In February 2007 some minute books and other books relating to the Catholic Young Mens Society in Athy were given to me by Jimmy Robinson.  Jimmy was the last Honorary Secretary of the C.Y.M.S., a local institution with a history extending back over 150 years but which had ceased to exist in 2004. 

The first branch of the society was founded in Limerick in 1849 after a young priest who had attended Knockbeg College Carlow brought together a number of labourers.  Fr. Richard Baptist O’Brien, who had been ordained in Maynooth ten years previously, spent the first five years of his priesthood in Canada.  On returning to Limerick during the dreadful famine year of 1847 Fr.
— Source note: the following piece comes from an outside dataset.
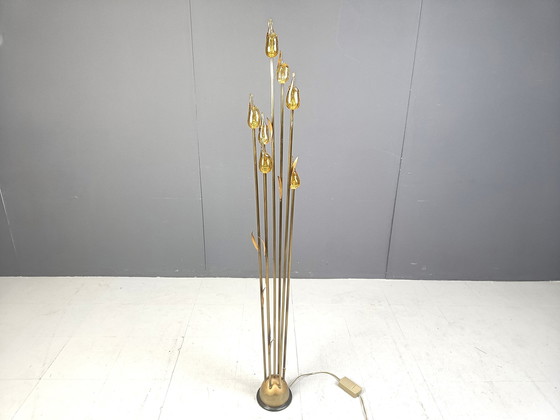 Image 1 of Vloerlamp met bladeren van Murano glas, 1980S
O’Brien felt the need for young men who survived the famine to come together in friendship and cooperation to better their lives.  Approximately 13 years after the foundation of the society a C.Y.M.S. branch was started in Athy.  Unfortunately the minute books dealing with the early years of the branch have not been found.  The earliest minute books to survive starts with entries for 1958, while an earlier cash book opened in June 1926 lists  initially on a daily basis and later weekly and then twice monthly monies received and monies paid up to 1949.  To my great regret the minute book or books for the period 1964 to 1971 are missing as my late brother Seamus took over as secretary from Jim McEvoy a short time before his untimely death in a road traffic accident.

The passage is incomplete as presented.